_Your goal_. Leaving the pictures aside, reproduce the data in full and word for word.
____ Entries shown
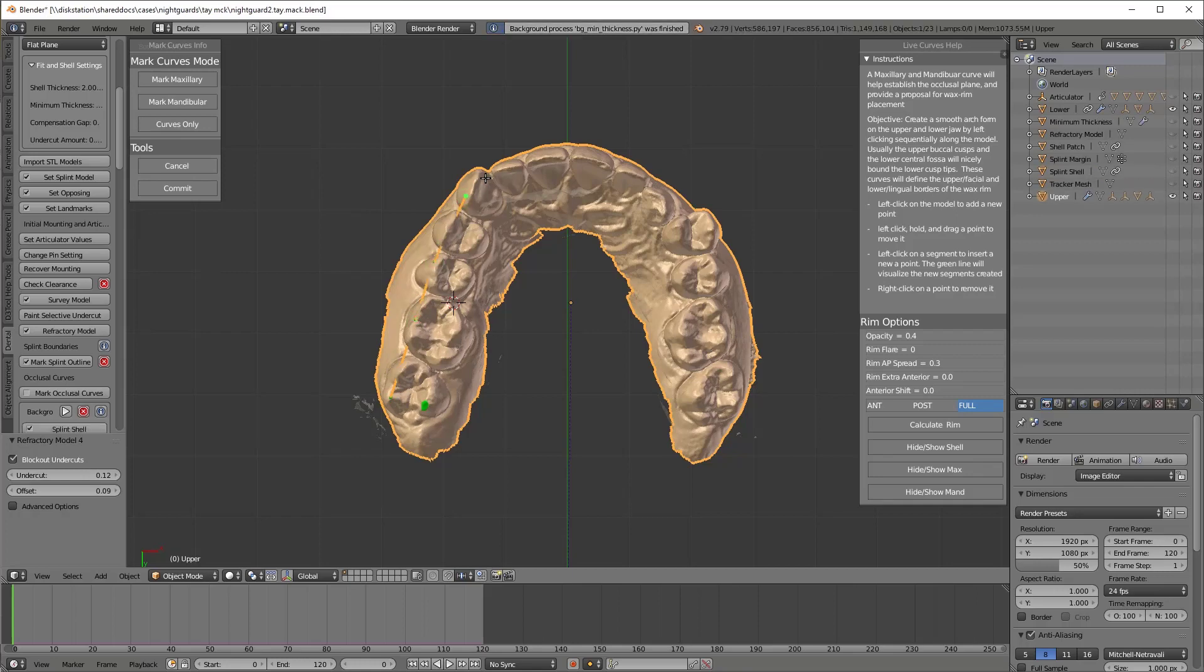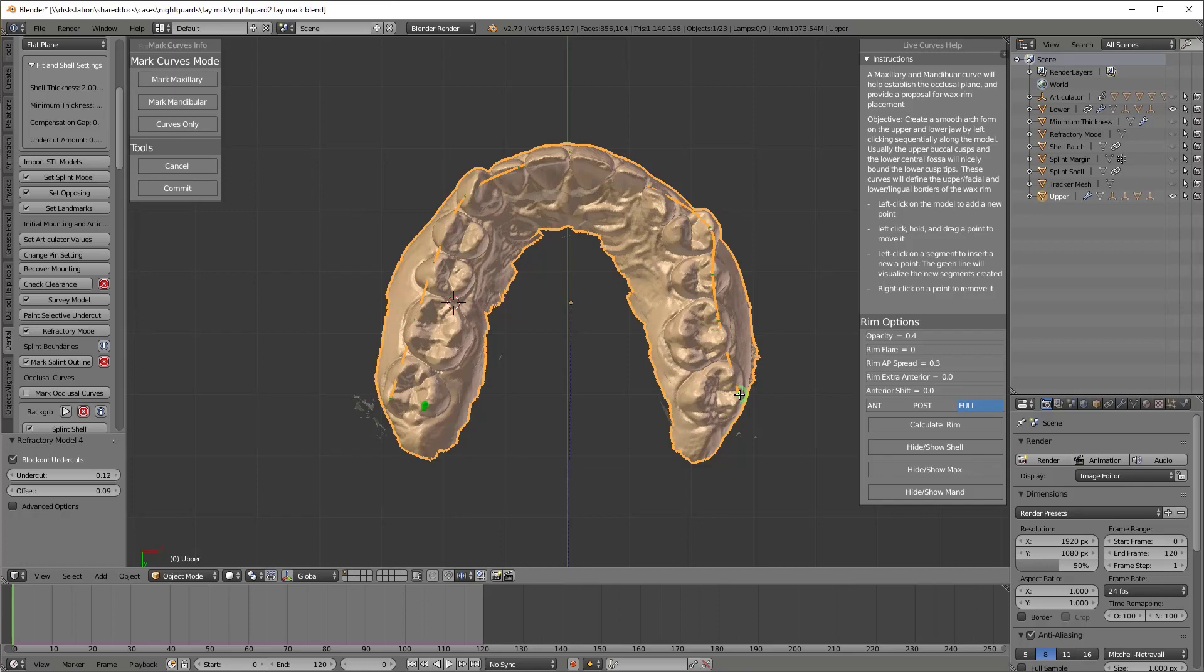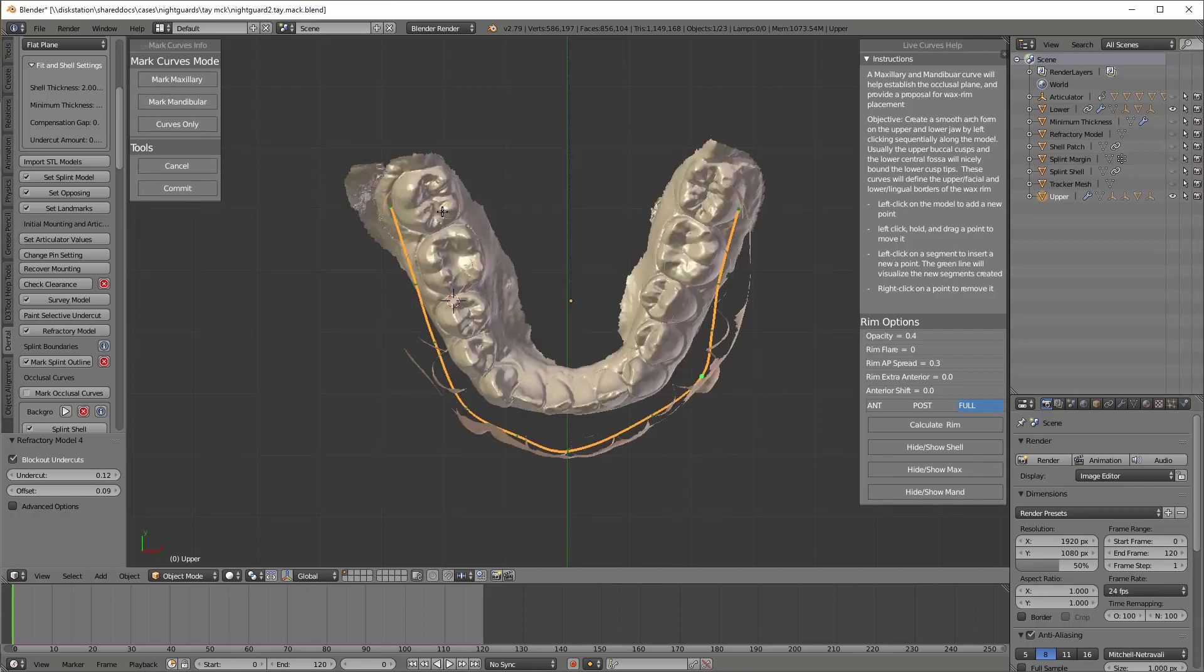The maxillary curves is the next step and the most important and most distinctive step of D3 splint compared to literally everything else I've used. No other night guard program attempts to actually make a flat plane on your flat plane splint. And this is how D3 splint does it. We're defining the lateral boundary with the maxillary curve.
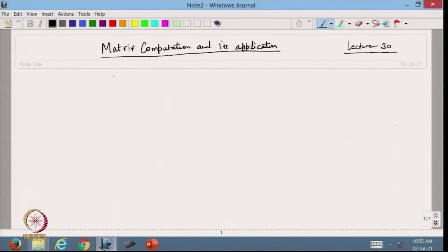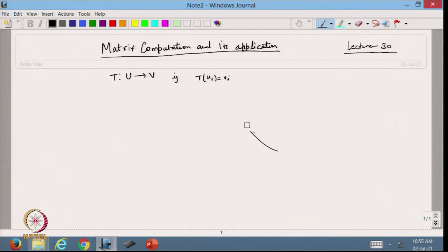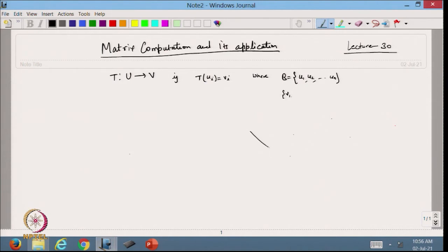In the previous lecture, we discussed that we can define a linear transformation from a vector space to another vector space V if we are able to define T(ui) = vi, where the basis B is made up of u1, u2, ..., un and another set v1, v2, ..., vn belongs to V, and this is a basis of the vector space U.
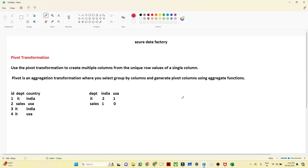Hello everyone. In this video we are going to understand about the Pivot transformation. First we will understand how Pivot transformation works, and then with a practical example in Azure Data Factory we will see how we can actually use a Pivot transformation.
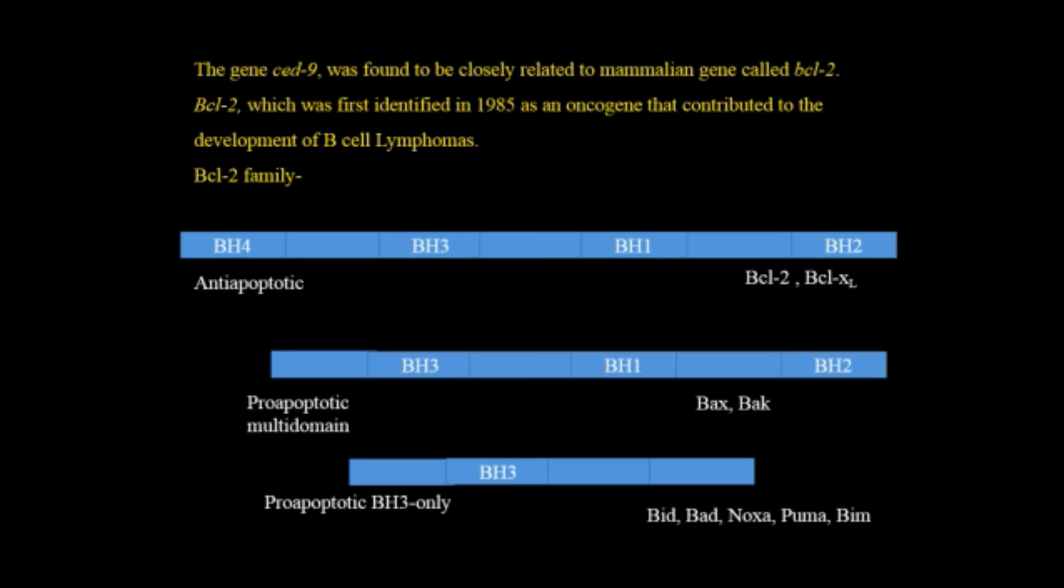Here the pro-apoptotic BH3-only means it has only one domain of the BH3 while the multi-domain has three domains of BH3, BH1 and BH2. These two induce the process of apoptosis.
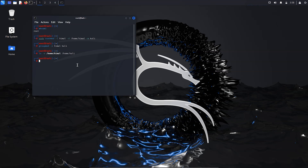Now we need to change the user finger information — the user database information. Type 'chfn -f' where '-f' is to change the full name. Provide a full name for your username, then type your new username at the end. Press enter to apply.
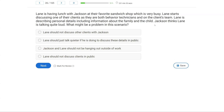Lane is having lunch with Jackson at their favorite sandwich shop, which is very busy. Lane starts discussing one of their clients — as they are both behavior technicians on the client's team — describing personal details including information about the family and the child. Jackson thinks Lane is talking quite loud. What might be a problem in this scenario? We're getting to an ethical question, and we want to be very black and white on the exam — very by-the-book. Lane and Jackson are eating lunch and talking about a shared client, which isn't necessarily an issue. But they're at a busy sandwich shop, Lane is talking about personal details, and Jackson thinks Lane is loud.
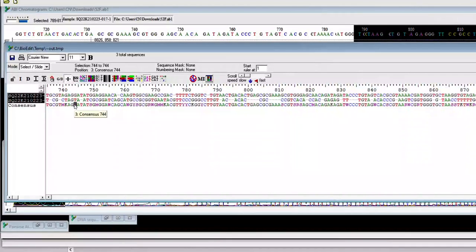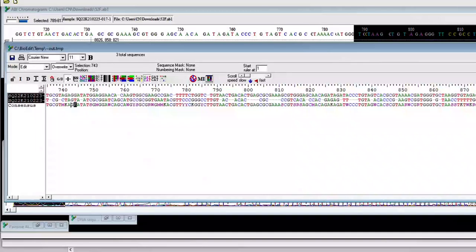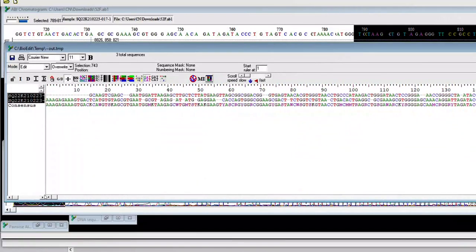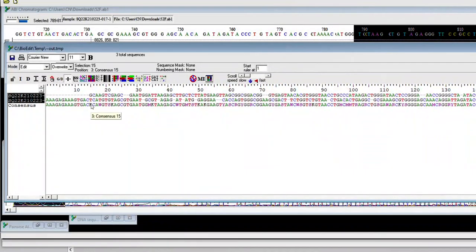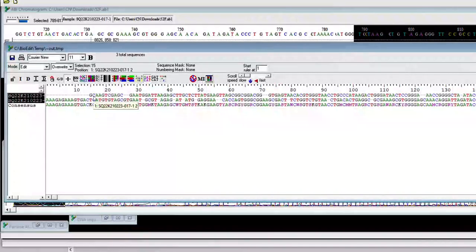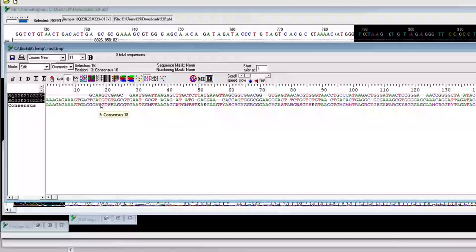The next video shows how to make these edits — how to choose which sequence to depend on in order to edit the consensus sequence. First of all, when you are going to edit, you have to come here and choose Edit. Bring your cursor to before the nucleotide you want to edit. If you have G and T, once you choose T according to which sequence is good, you press the up arrow on your computer and press T to edit it. My next video shows which quality of sequence you should depend on to make a good editing of the consensus sequence. Thank you very much.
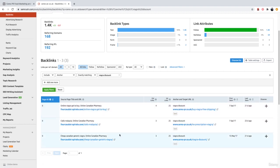So now you know how to spot the two most common negative SEO attacks. In the next video, I'm going to show you exactly how to deal with these attacks and protect your website. I'll see you there.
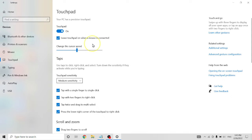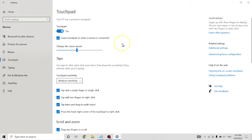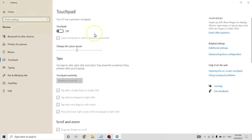So when you enable this, you can move your finger on the touchpad on your computer, so it's moving. When you disable this, you cannot move. I move now, but it doesn't work.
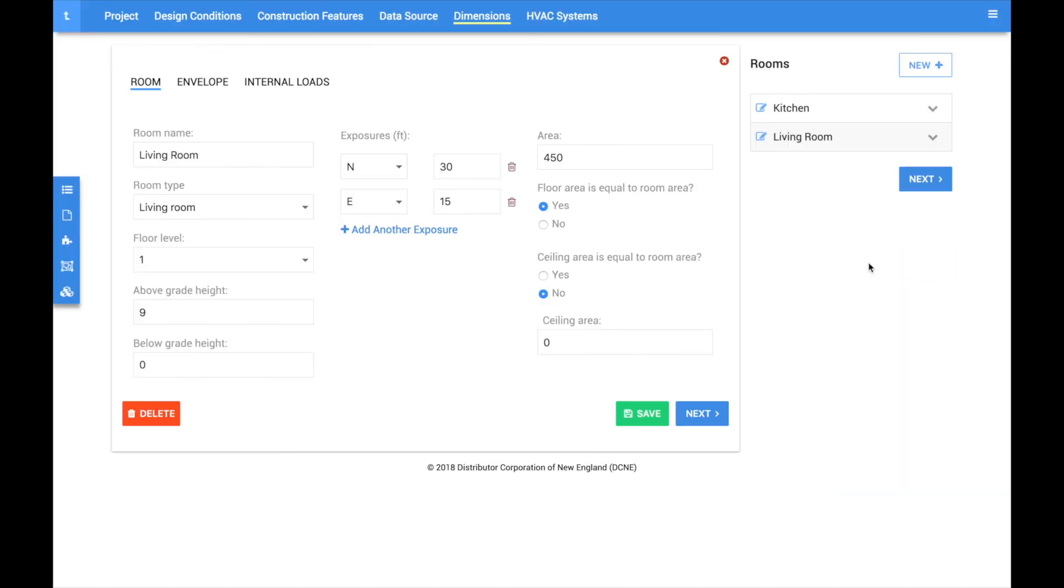Once all rooms are created, click the next button to proceed to the HVAC systems section. We hope you enjoyed this video. For additional videos, please visit support.coolcalc.com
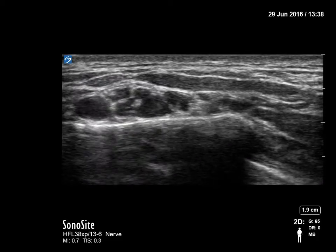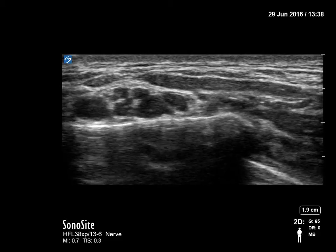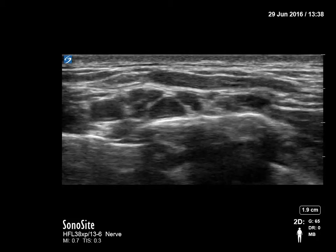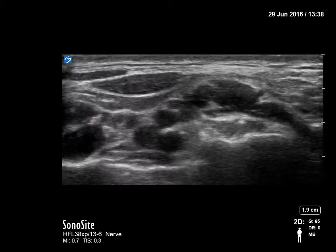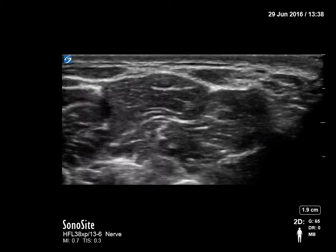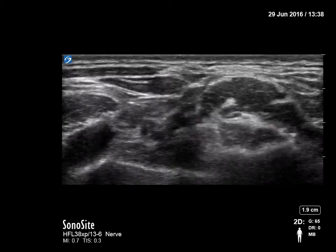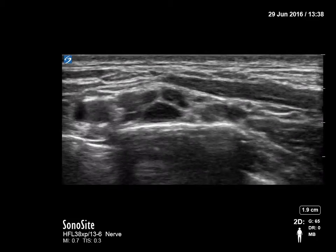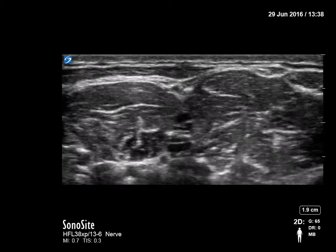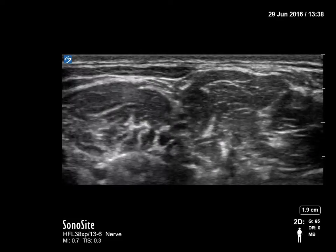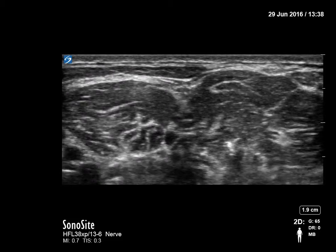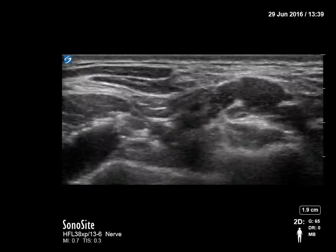A little bit of interscalene anatomy here. Scanning upwards, the pulsating subclavian artery will go away from the picture and two muscles will come into view. In between these two muscles — the anterior scalene and middle scalene — is the interscalene group, which is the same brachial plexus becoming interscalene at that level. You get your shoulder block there.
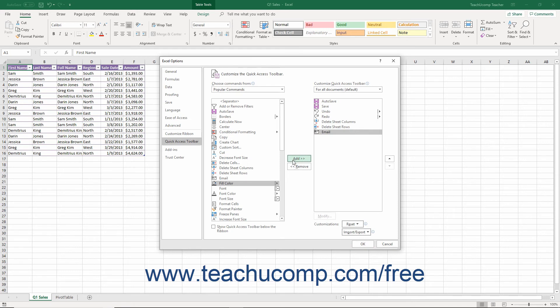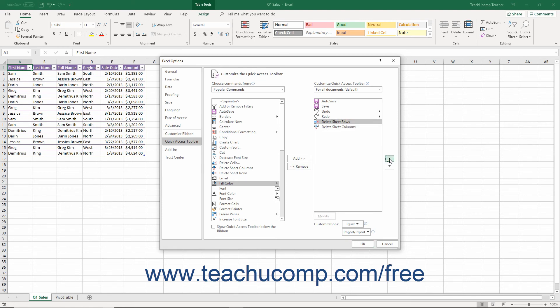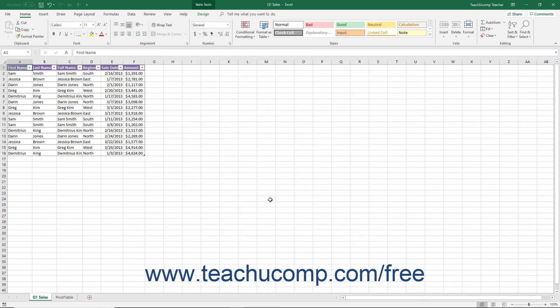To remove a command from the Quick Access Toolbar list at the right, click it to select it first, then click the Remove button to remove it from the list. You can also change the order in which the buttons appear by selecting a command in the list, then clicking either the Up or Down arrow buttons to the right of the list. After customizing the Quick Access Toolbar, click the OK button in the lower right corner of the Excel Options window to save and apply your changes.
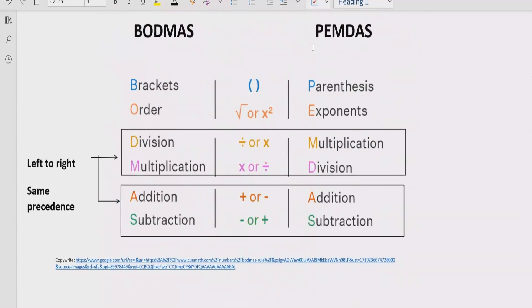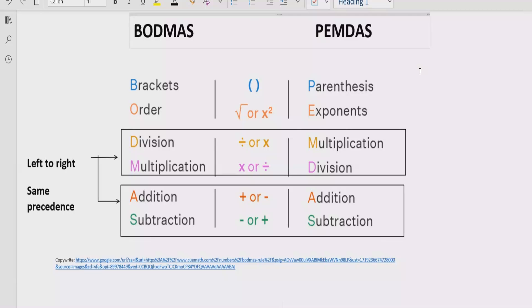Now recall the rules we follow to solve the given expression. According to the BODMAS rule, if your expression contains any bracket or parenthesis, you solve that part first. After the bracket, check for exponents or powers. Then for division and multiplication, go left to right and solve whichever comes first. Similarly, for addition and subtraction, solve whichever comes first going left to right.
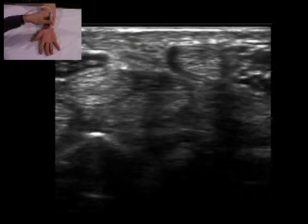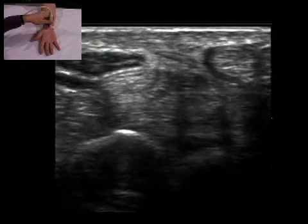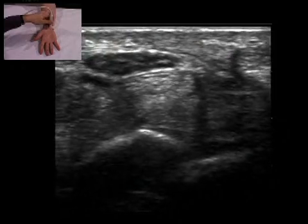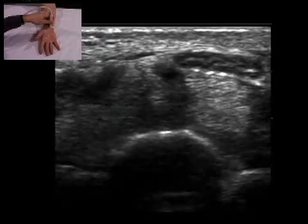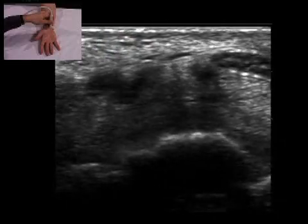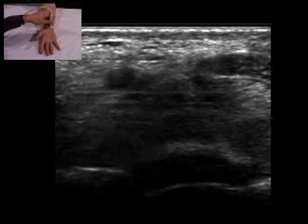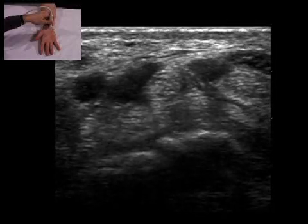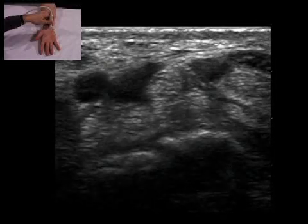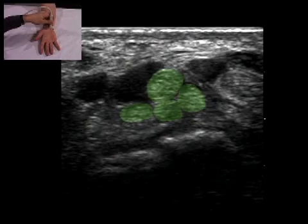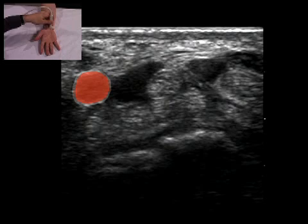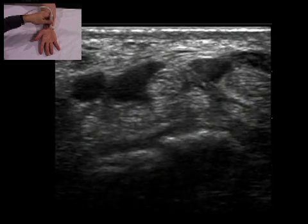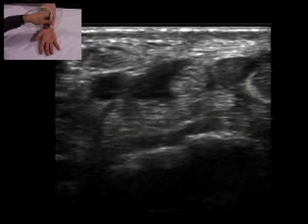The probe is now moved to the ulnar aspect of the carpal tunnel. Flexor digitorum tendons are observed on the ulnar aspect of the median nerve, and the ulnar artery and nerve are observed outside the flexor retinaculum.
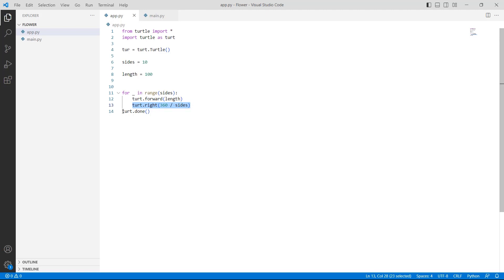Finally, we are using the turtle.done() function, which is used to start the event loop and does not require any argument.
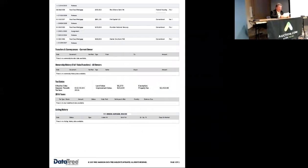There's a mortgage on the property at Parkland Loan Servicing for $92,864. There's no other liens on the property, title is clear.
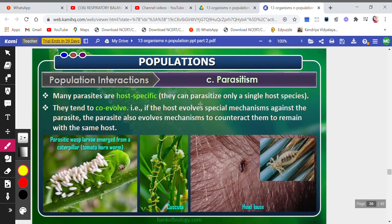Host-specific parasites can parasitize only a single host species, and they tend to co-evolve with the host. Evolution means small changes over time. If the host evolves a special mechanism against the parasite, the parasite also evolves a mechanism to counteract it, allowing the parasite to remain with the same host.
________
_Output for this task_.
The maxillary curves is the next step and the most important and most distinctive step of D3 splint compared to literally everything else I've used. No other night guard program attempts to actually make a flat plane on your flat plane splint. And this is how D3 splint does it. We're defining the lateral boundary with the maxillary curve.
In the previous lecture, we discussed that we can define a linear transformation from a vector space to another vector space V if we are able to define T(ui) = vi, where the basis B is made up of u1, u2, ..., un and another set v1, v2, ..., vn belongs to V, and this is a basis of the vector space U.
Hello everyone. In this video we are going to understand about the Pivot transformation. First we will understand how Pivot transformation works, and then with a practical example in Azure Data Factory we will see how we can actually use a Pivot transformation.
Here the pro-apoptotic BH3-only means it has only one domain of the BH3 while the multi-domain has three domains of BH3, BH1 and BH2. These two induce the process of apoptosis.
Now we need to change the user finger information — the user database information. Type 'chfn -f' where '-f' is to change the full name. Provide a full name for your username, then type your new username at the end. Press enter to apply.
Lane is having lunch with Jackson at their favorite sandwich shop, which is very busy. Lane starts discussing one of their clients — as they are both behavior technicians on the client's team — describing personal details including information about the family and the child. Jackson thinks Lane is talking quite loud. What might be a problem in this scenario? We're getting to an ethical question, and we want to be very black and white on the exam — very by-the-book. Lane and Jackson are eating lunch and talking about a shared client, which isn't necessarily an issue. But they're at a busy sandwich shop, Lane is talking about personal details, and Jackson thinks Lane is loud.
The next video shows how to make these edits — how to choose which sequence to depend on in order to edit the consensus sequence. First of all, when you are going to edit, you have to come here and choose Edit. Bring your cursor to before the nucleotide you want to edit. If you have G and T, once you choose T according to which sequence is good, you press the up arrow on your computer and press T to edit it. My next video shows which quality of sequence you should depend on to make a good editing of the consensus sequence. Thank you very much.
So now you know how to spot the two most common negative SEO attacks. In the next video, I'm going to show you exactly how to deal with these attacks and protect your website. I'll see you there.
So when you enable this, you can move your finger on the touchpad on your computer, so it's moving. When you disable this, you cannot move. I move now, but it doesn't work.
Once all rooms are created, click the next button to proceed to the HVAC systems section. We hope you enjoyed this video. For additional videos, please visit support.coolcalc.com
A little bit of interscalene anatomy here. Scanning upwards, the pulsating subclavian artery will go away from the picture and two muscles will come into view. In between these two muscles — the anterior scalene and middle scalene — is the interscalene group, which is the same brachial plexus becoming interscalene at that level. You get your shoulder block there.
To remove a command from the Quick Access Toolbar list at the right, click it to select it first, then click the Remove button to remove it from the list. You can also change the order in which the buttons appear by selecting a command in the list, then clicking either the Up or Down arrow buttons to the right of the list. After customizing the Quick Access Toolbar, click the OK button in the lower right corner of the Excel Options window to save and apply your changes.
Now recall the rules we follow to solve the given expression. According to the BODMAS rule, if your expression contains any bracket or parenthesis, you solve that part first. After the bracket, check for exponents or powers. Then for division and multiplication, go left to right and solve whichever comes first. Similarly, for addition and subtraction, solve whichever comes first going left to right.
The probe is now moved to the ulnar aspect of the carpal tunnel. Flexor digitorum tendons are observed on the ulnar aspect of the median nerve, and the ulnar artery and nerve are observed outside the flexor retinaculum.
Finally, we are using the turtle.done() function, which is used to start the event loop and does not require any argument.
There's a mortgage on the property at Parkland Loan Servicing for $92,864. There's no other liens on the property, title is clear.
Host-specific parasites can parasitize only a single host species, and they tend to co-evolve with the host. Evolution means small changes over time. If the host evolves a special mechanism against the parasite, the parasite also evolves a mechanism to counteract it, allowing the parasite to remain with the same host.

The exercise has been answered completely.